La Novia Ausente
Carlos Gardel
La Fiancée Absente
Parfois je repasse ces heures-là
quand j'étais étudiant et que tu étais l'aimée
qui, avec tes sourires, distribuait des étoiles
a tous les jeunes de ce quartier.
Ah ! les nuits douces, Ah ! la fantaisie
de nos vingt printemps heureux,
lorsque seule ta rire s'entendait
et que je n'avais pas encore mes cheveux gris.

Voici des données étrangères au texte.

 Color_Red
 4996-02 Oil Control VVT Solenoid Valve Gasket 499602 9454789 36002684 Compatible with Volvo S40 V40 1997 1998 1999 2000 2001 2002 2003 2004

Nous marchions bras dessus bras dessous et tu soupirais
parce que tout près je te disais, "Mon bien,
voyez comme la lune s'enroule dans les pins
et sa lumière d'argent t'embrasse sur la tempe ?
Au rare sortilège de la nuit et de la réséda
les feuilles du parc tremblaient aussi
et tu me demandais de te réciter
cette "sonatine" que rêva Rubén :
(récité)
"La princesse est triste ! Que peut-elle avoir, la princesse ?
Les soupirs s'échappent de sa bouche de fraise
qui a perdu le rire, qui a perdu la couleur.
La princesse est pâle dans son siège d'or,
le clavier de son clavecin est muet
et dans mon verre, oubliée, une fleur se fane.
Quels lutins ont réussi ce qui n'existe plus ?
Quelle main osseuse a tissé mes maux ?
Et quelle peine orgueilleuse m'a rendu si triste
triste comme l'écho des cathédrales ?
Ah ! je sais, je sais. C'était la fiancée absente
celle qui, quand j'étais étudiant, m'aimait.
Quand elle est morte, un baiser je lui ai laissé sur le front
parce qu'elle était froide, parce qu'elle me quittait.